Research
Glenn Spinelli, Assistant Professor of Geophysics

Marine Hydrogeology
     In ocean crust, fluid flow between the basaltic basement aquifer and the ocean is an important control on heat transport, solute transport, and alteration of the crust. As sediments gradually accumulate on oceanic crust, they change the nature of fluid circulation within the basement aquifer. My interests in marine hydrogeology include fluid and heat circulation patterns in ocean crust, permeability evolution of ocean crust, and fluid and heat flow through seafloor sediments. I have modeled fluid and heat flow in the Nankai Trough subduction zone (southern Japan), the subduction zone offshore Costa Rica, and on the flank of the Juan de Fuca Ridge (offshore British Columbia and Washington).

     As ocean crust subducts, fluid circulation within it is an important control on subduction zone temperature. One of my former M.S. students (Troy Kummer, graduated 2008) studied the evolution of hydrothermal circulation in subducting crust. In this study, we examined some general aspects of fluid and heat circulation in subducting crust -- including, how far into a subduction zone that circulation in the ocean crust aquifer can persist, and the thermal consequences of that circulation.
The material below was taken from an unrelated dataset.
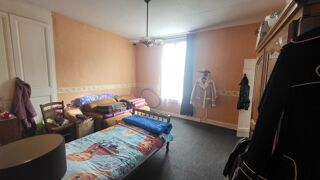  Maison  vendre 10 pices 150 m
Following on this work, I have been examining fluid and heat circulation in the Nankai Trough subduction zone and I will be examining the potential for fluid circulation in the ocean crust aquifer to affect temperatures in the Cascadia subduction zone.

In fall 2009, I will be offshore Japan on the Chikyu (above) as part of an Integrated Ocean Drilling Program expedition. I will be determining the thermal state of the Nankai Trough subduction zone and examining sediment cementation & deformation.
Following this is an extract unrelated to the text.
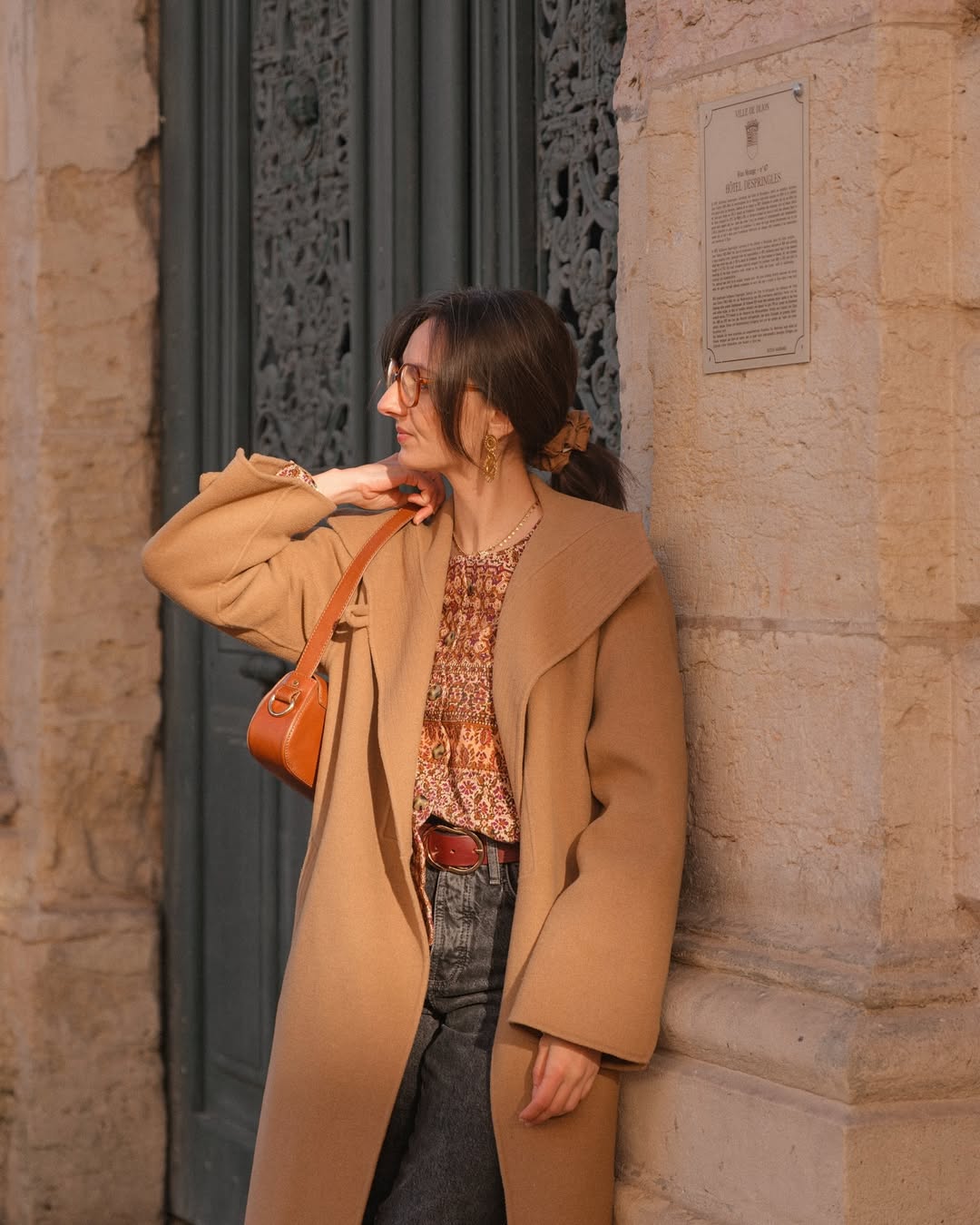 Havalar soğudukça uzun paltolar moda oluyor - Fotoğraf 1. Áo khoác dài lên ngôi nhờ trời trở lạnh sâu- Ảnh 1.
Sedimentology/sediment physical properties
     Variations in sediment type and porosity can lead to large differences in sediment permeability. My previous sediment oriented studies range from determining sedimentation patterns on the northern California margin from reflection seismic data to laboratory consolidation and permeability testing of sediments from San Francisco Bay, the Juan de Fuca Ridge flank, and the Congo Fan.

     My most recent work in this area examines the thermal, diagenetic, and consolidation history of sediment approaching the Nankai Trough subduction zone off Japan. I am currently working with M.S. student Russell White, examining opal cementation of hemipelagic sediment on the Nankai margin. In the fall of 2009, I plan to sail on an IODP expedition to examine the thermal state of the Nankai Trough subduction zone and cementation/deformation of sediment approaching and entering the subduction zone.

Groundwater-surface water interactions/fluid flow through sediments
     Interactions between groundwater and surface water can affect fluid chemistry and chemical alteration of aquifer material. The groundwater seepage can be a source of fresh water to estuaries, lakes, rivers, and coastal environments; it can also transport nutrients and contaminants from aquifers or bottom sediments to surface waters. In San Francisco Bay, I have examined the potential importance of groundwater seepage transporting dissolved metals from sediments to overlying surface waters.

Above: Collecting and sampling a sediment core from San Francisco Bay to determine groundwater seepage rates. In both pictures, I'm on the left, Geoff Wheat (the geochemist working with us on the project) is on the right.